Zurzeit sind verschiedene Verlage und Institutionen mit dem Erstellen und der Herausgabe von Urtextausgaben zum Werk von Johannes Brahms befasst. Seit Jahrzehnten existieren bereits die Henle-Urtexte, von denen auch das Trio op. 114 vorliegt. In Zusammenarbeit geben seit einiger Zeit Breitkopf & Härtel und Henle die Bände der neuen – historisch-kritischen – Gesamtausgabe der Werke von Brahms heraus, die in der Kieler Forschungsstelle erarbeitet und koordiniert werden.

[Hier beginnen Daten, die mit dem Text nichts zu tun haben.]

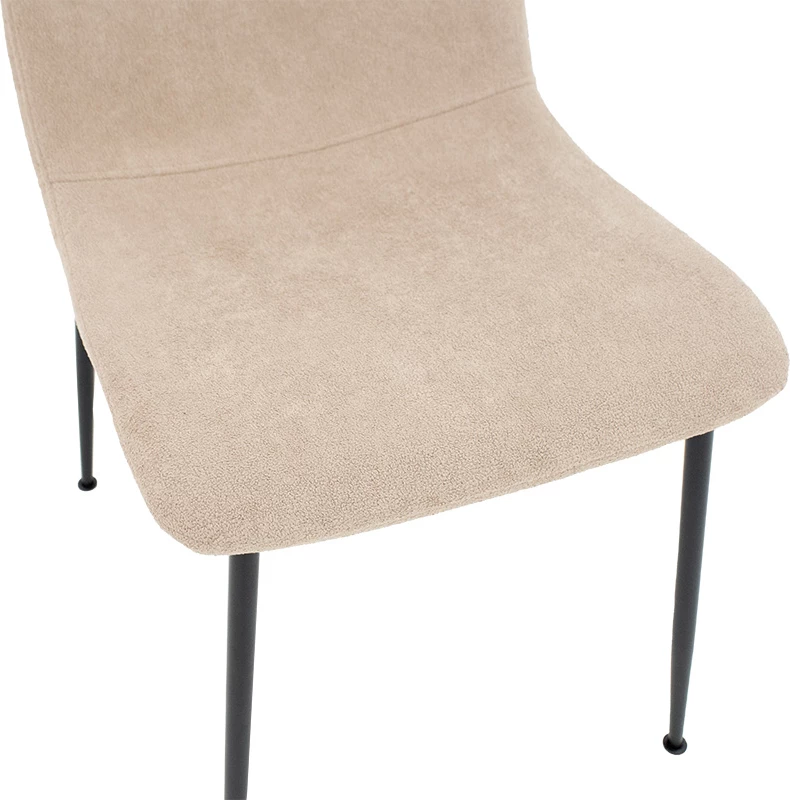 Karrige Gratify, pëlhurë bouclé, këmbë të zeza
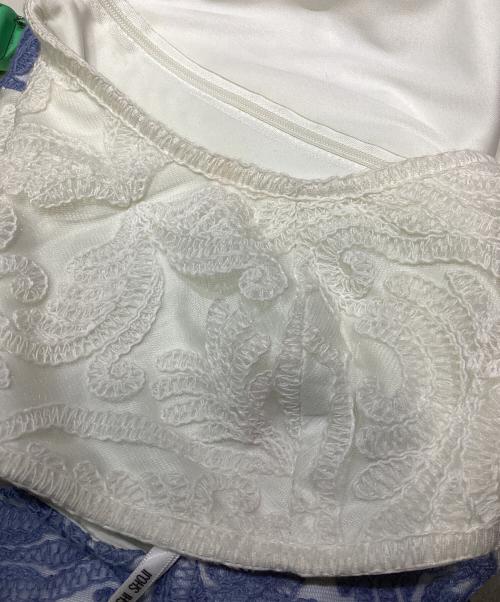 TADASHI SHOJI（タダシ ショージ）TADASHI SHOJI (タダシ ショージ) ジャガードドレス ホワイト×ブルーの古着・服飾アイテム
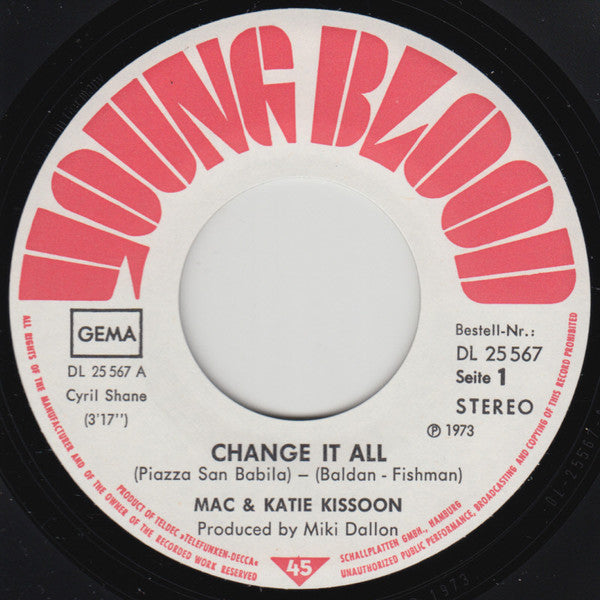 Mac And Katie Kissoon : Change It All / Bless Me (7", Single)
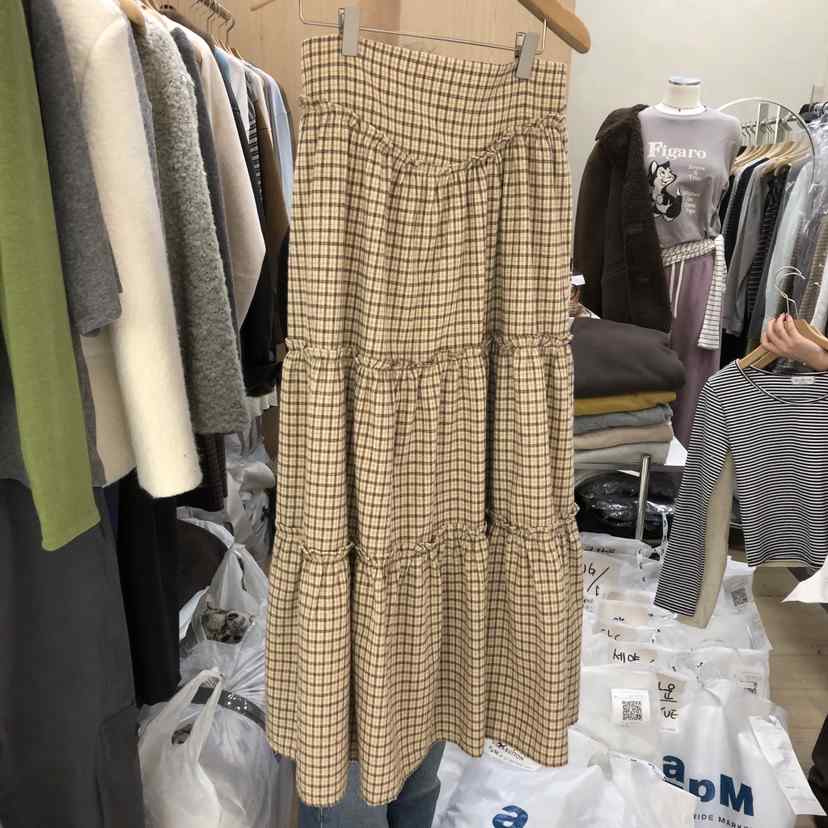 VILLABUTTON東大門㊣直郵女裝新品推薦25秋冬休閑時尚長裙格子VILLABUTTON長裙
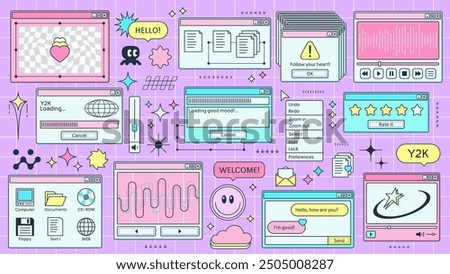 Y2K retro browser windows page of computer interface or PC screen, cartoon vector. Retro 90s Y2K computer display windows of internet browser tabs, loading bar and music player on pink background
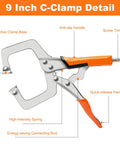 9-inch C-Clamp detail showing protective base, anti-slip handle, screw trim twist, and quick-release handle labeling.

Hinzu kommt die Bärenreiter-Urtext-Reihe (Hg. Christopher Hogwood), die sich als wissenschaftlich-kritische Ausgabe versteht. Inwieweit die einzelnen Urtext-Ausgaben Unterschiede aufweisen, kann nur begrenzt dargestellt werden, da die vergleichbaren Ausgaben zu verschiedenen Zeiten publiziert werden.

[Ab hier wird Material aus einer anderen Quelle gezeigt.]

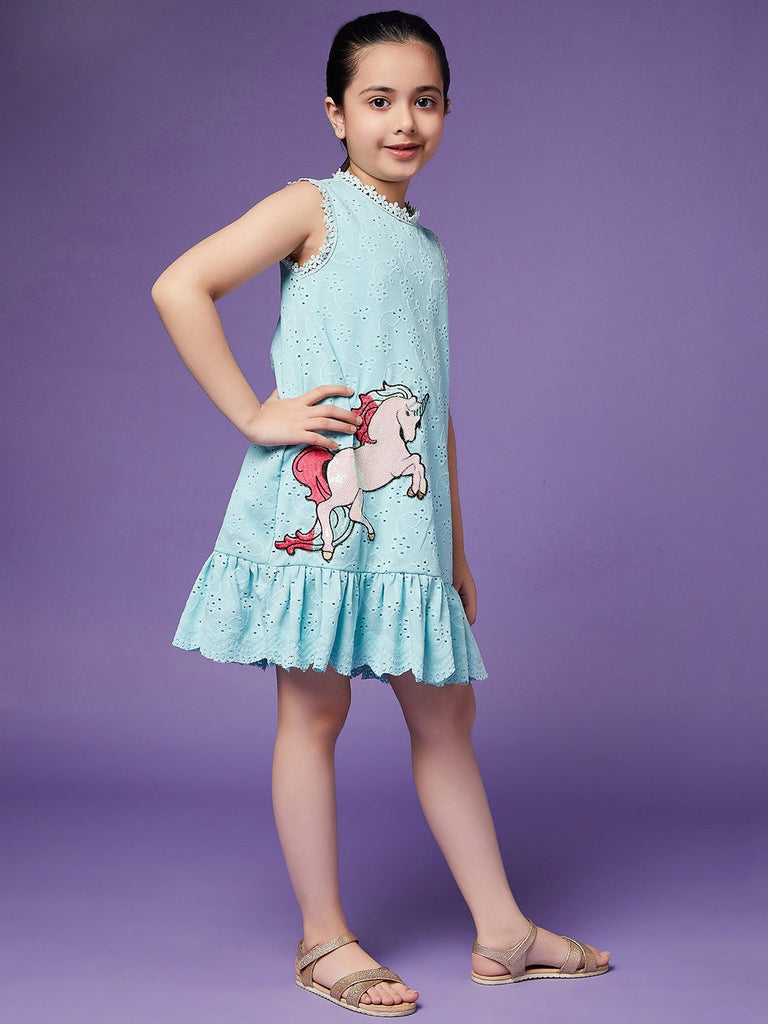 Girls Schiffli Drop-Waist Cotton Dress (d-laceblue)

Insofern hat der Bärenreiter-Verlag mit dem Trio für Violine, Horn und Klavier op. 40 einen gewissen Vorsprung, da dieses Werk, das Brahms größtenteils im Sommer 1865 niedergeschrieben hat, erstmals im Urtext erscheint und in seinem instruktiven Vorwort von Christopher Hogwood mit einigen neuen Erkenntnissen in Bezug auf die Entstehungshintergründe aufwartet. Brahms hat für den 2. Satz auf ein kleines Klavierstück zurückgegriffen, das er 1853 in einem Freundschaftsbuch des Göttinger Musikdirektors Arnold Wehner eingetragen hatte. Dieses Albumblatt ist im Anhang abgedruckt. Ein weiterer Aspekt ist der Nachweis neuer Volksliedbezüge bei den Volksliedzitaten im 2. und 3. Satz. Informativ sind auch die Hinweise zur Aufführungspraxis, die dem in der historischen Aufführungspraxis verwurzelten Musikologen Hogwood zu verdanken sind.

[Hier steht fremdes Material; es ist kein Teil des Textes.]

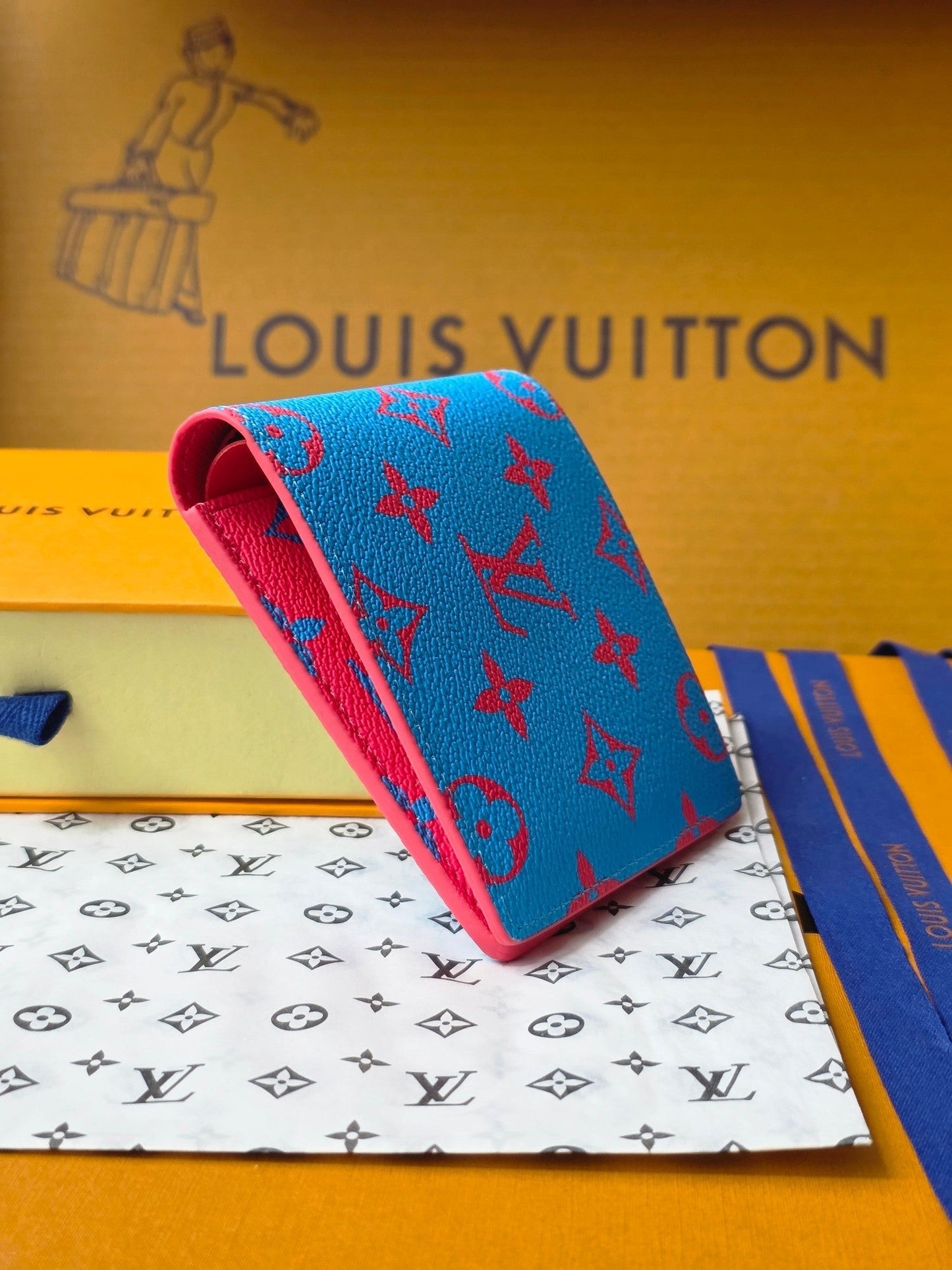 LV M14694 Multiple Wallet Blue Red Monogram Glow Canvas & Cowhide mysite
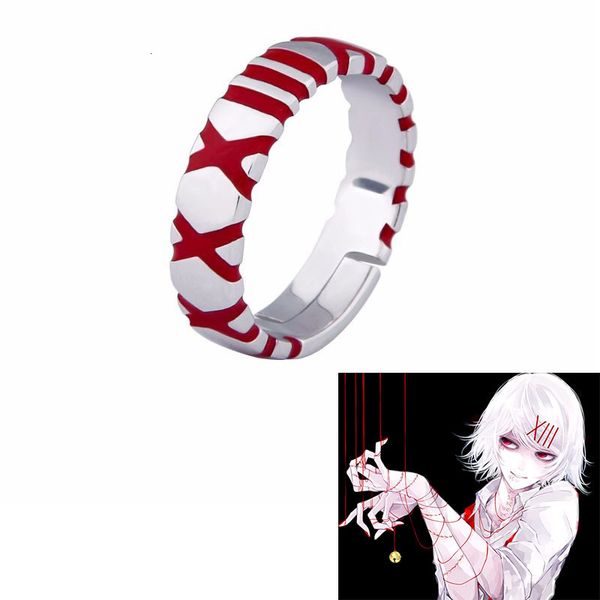 Anillo solitario Anime Tokyo Ghoul JUZO SUZUYA Cosplay ajustable abierto Unisex joyería regalo 230613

Der Notentext basiert primär auf der Erstausgabe bei Simrock von 1866. Da Brahms selbst ein genauer Korrektor seiner Druckausgaben war, gibt es keine gravierenden Notationsprobleme. Der kritische Kommentar vermerkt überwiegend Abweichungen im Bereich der dynamischen Zeichen, besonders des Umfangs von Crescendo- bzw. Decrescendo-Gabeln. Einen guten Einblick in den Schaffensprozess geben einige Faksimiles zum Scherzo-Satz.
Dem Trio für Klarinette, Violoncello und Klavier op. 114 liegt beim Bärenreiter-Urtext im Gegensatz zur älteren Henle-Ausgabe, die das Autograf als Primärquelle benutzt, die Erstausgabe bei Simrock von 1892 zu Grunde. Die bei Stichproben gefundenen Unterschiede beziehen sich im Wesentlichen auf die Positionierung der Dynamikzeichen und die Bindebögen. Hier sind nicht alle Entscheidungen im 3. Satz der Bärenreiter-
Ausgabe nachvollziehbar. Gewissenhaft wurden auch die beigefügten Alternativparts, in op. 40 für Viola und Violoncello und in op. 114 für Viola, untersucht.
Die Bärenreiter-Urtexte der beiden Trios weisen eine Fülle von Anmerkungen im Kritischen Kommentar auf und zeichnen sich durch die umfangreichen, die Entstehung und Rezeption des Werks erhellenden Vorworte des Herausgebers aus.